> Task item
Write the data below out exactly as it stands. Do not include the pictures.

> Collected data
--- START ---

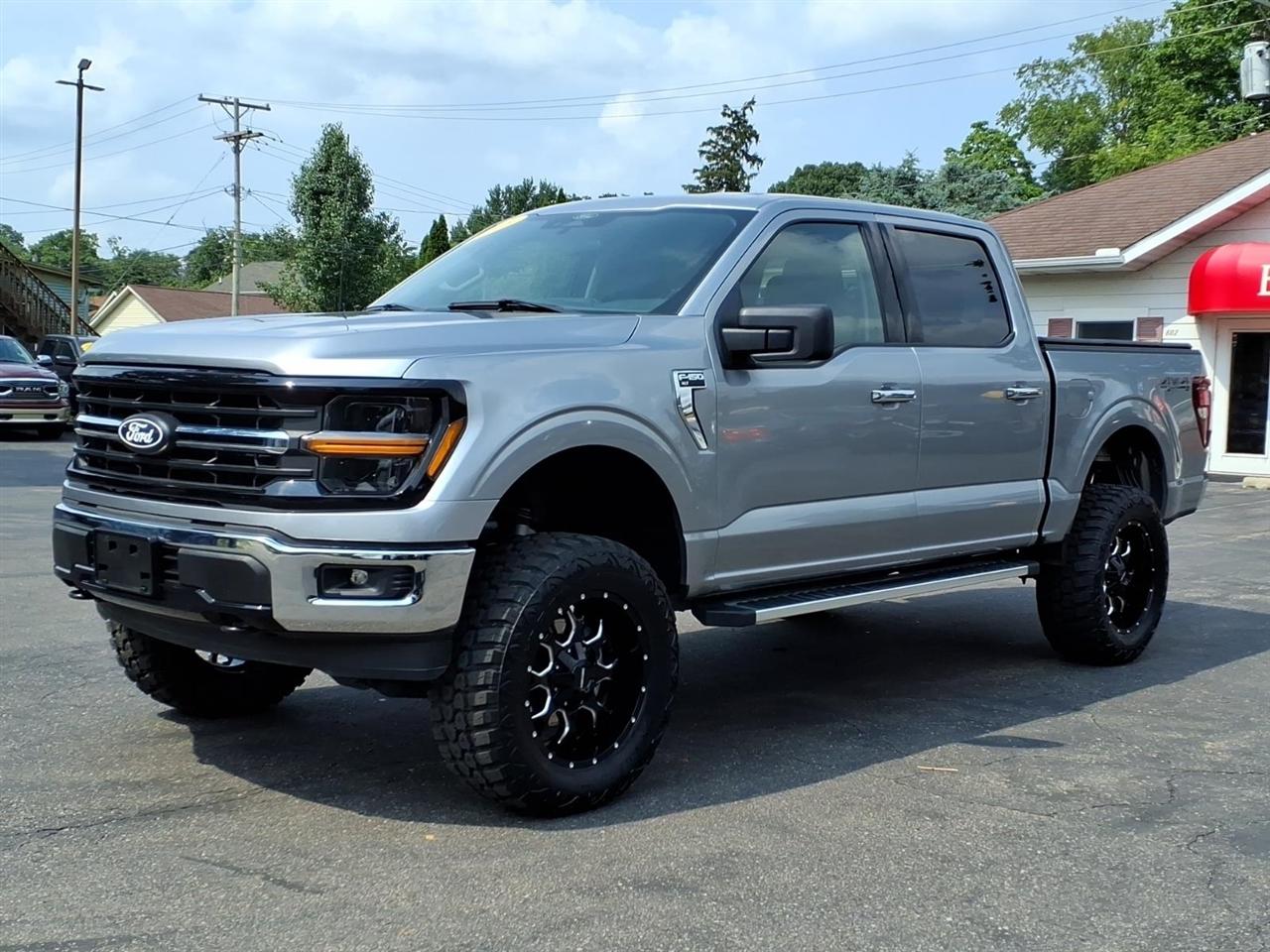 Ford F-150 XLT 4WD SuperCrew 5.5' Box 2025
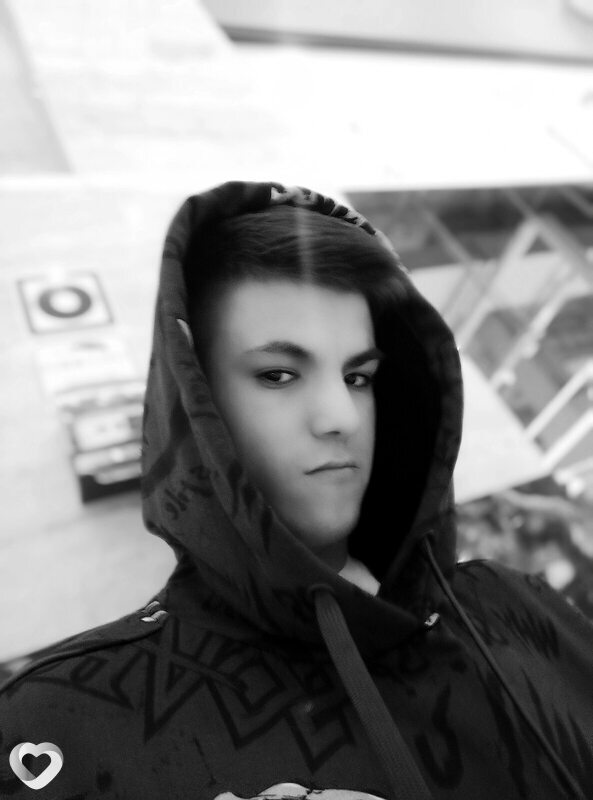 Даня, 22, Москве — анкета №1481650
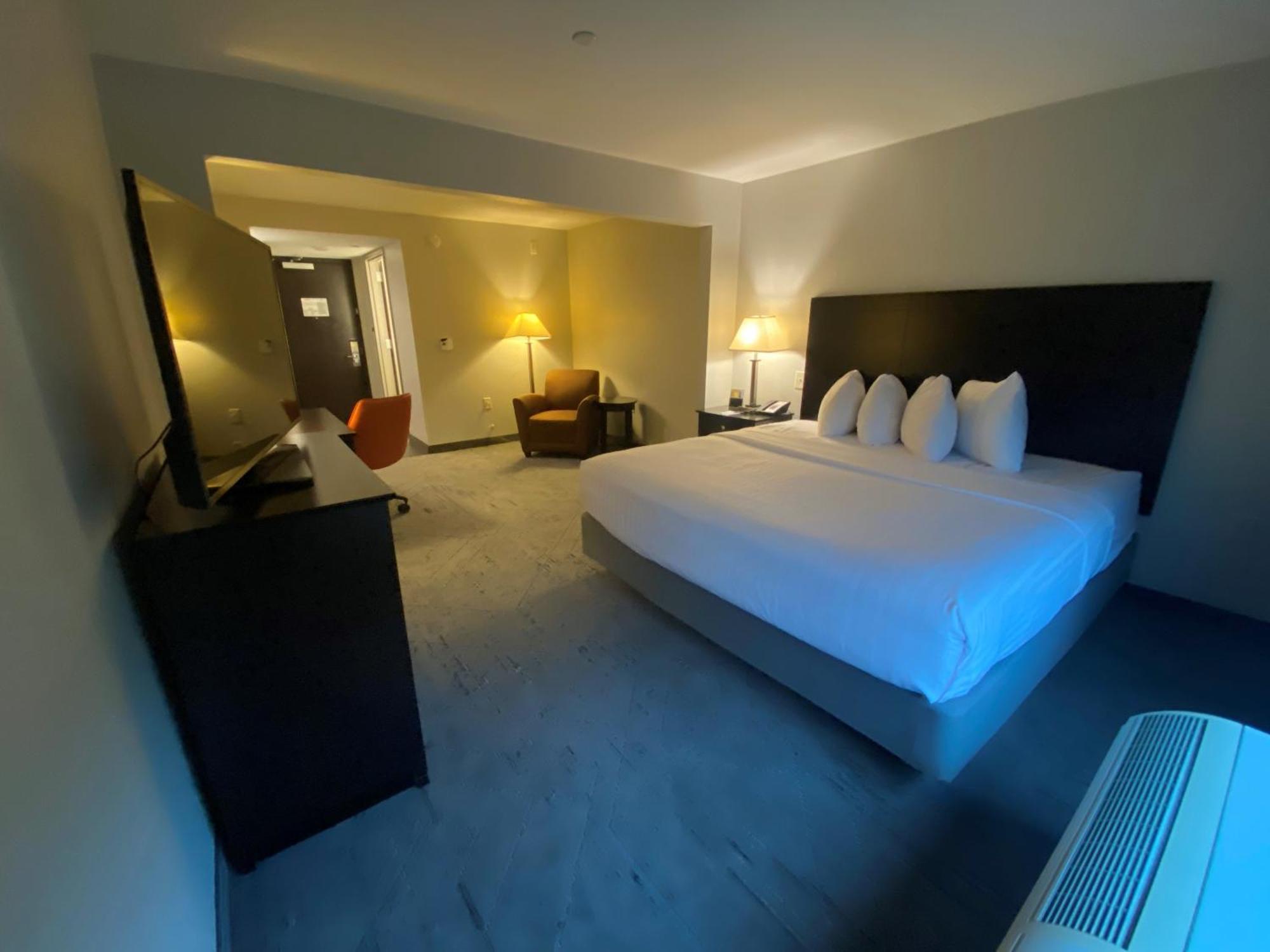 Wingate By Wyndham State Arena Raleigh/Cary Hotel Exterior foto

--- END ---

> Expected output
 Ford F-150 XLT 4WD SuperCrew 5.5' Box 2025
 Даня, 22, Москве — анкета №1481650
 Wingate By Wyndham State Arena Raleigh/Cary Hotel Exterior foto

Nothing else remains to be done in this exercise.